Lets see what a 'library' does:
1. offers books for customers 1.1 lets user select a book by genre, etc 1.2 lets user to use different books of same genre, etc 1.3 lets user to use books by same author, etc for different genre
2. keeps track of all the books + their genre 2.1 first knows what all books it has at present 2.2 when new book comes it is added to the particular shelf sorted by genre,author,edition, etc. 2.3 when books become old they are kept separately for future reference 2.4 very old books can be sent to a museum/discarded
I guess no standard library does the minimum of this but wants to be called a library.
I don't really understand your requirements, but it sound like you want a package management system. The standard library just provides a standard set of tools (it is the books not the book management system - although part of what you want is in the standard library in the form of distutils which is currently receiving a radical overhaul).
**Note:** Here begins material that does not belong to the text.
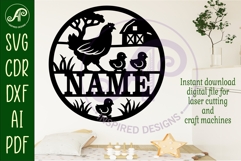 Chickens on the farm name sign design for laser cutting Product Image 2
You should look at Distribute and virtualenv, which gets you pretty much what you are suggesting (as far as I can tell): http://pypi.python.org/pypi/virtualenv http://pypi.python.org/pypi/distribute All the best, Michael Foord
As a python user I always wanted the standard library to have such features so the user/developer decides to use what set of libraries he want.
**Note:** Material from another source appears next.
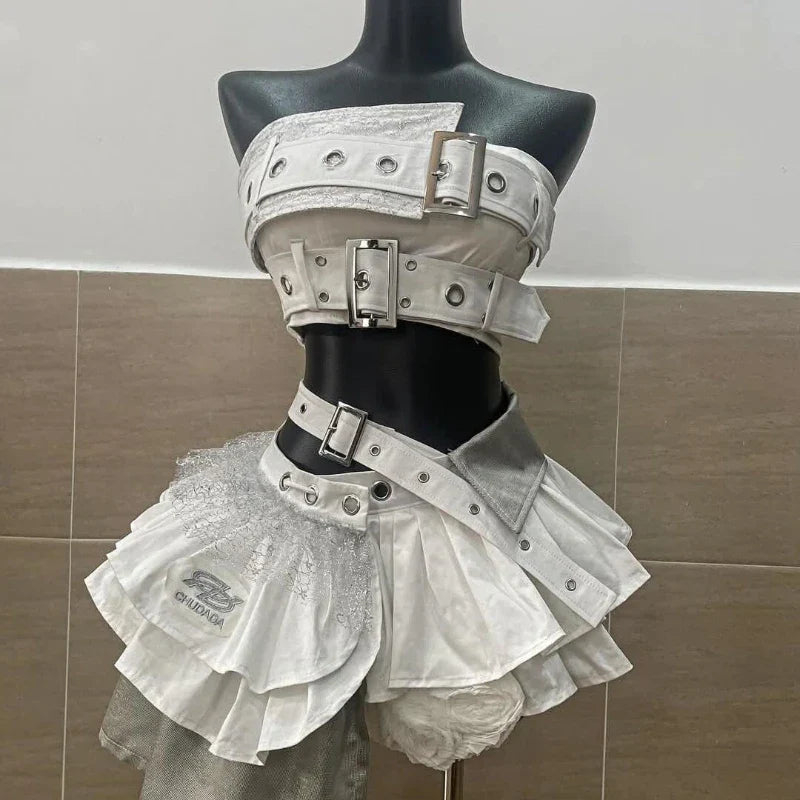 Summer Vintage Elegant Y2K Woman 2 Piece Sets Punk Gothic Strapless Crop Tops +High Waist Ruffle Skirt Female Party Outfits 2025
consider the libraries for 2.5 ,2.6, 3K are all available to the user, the user selects what he wants with something like.
use library 2.5 or use library 2.6 etc.
The 2 main things that the library management interface has to do is intra library management and inter library management.
intra library mgmt- consider books to be different libraries (standard, commercial, private, hobby, etc) inter library mgmt- consider books to be modules inside a library ( standard, commercial, private, hobby, etc)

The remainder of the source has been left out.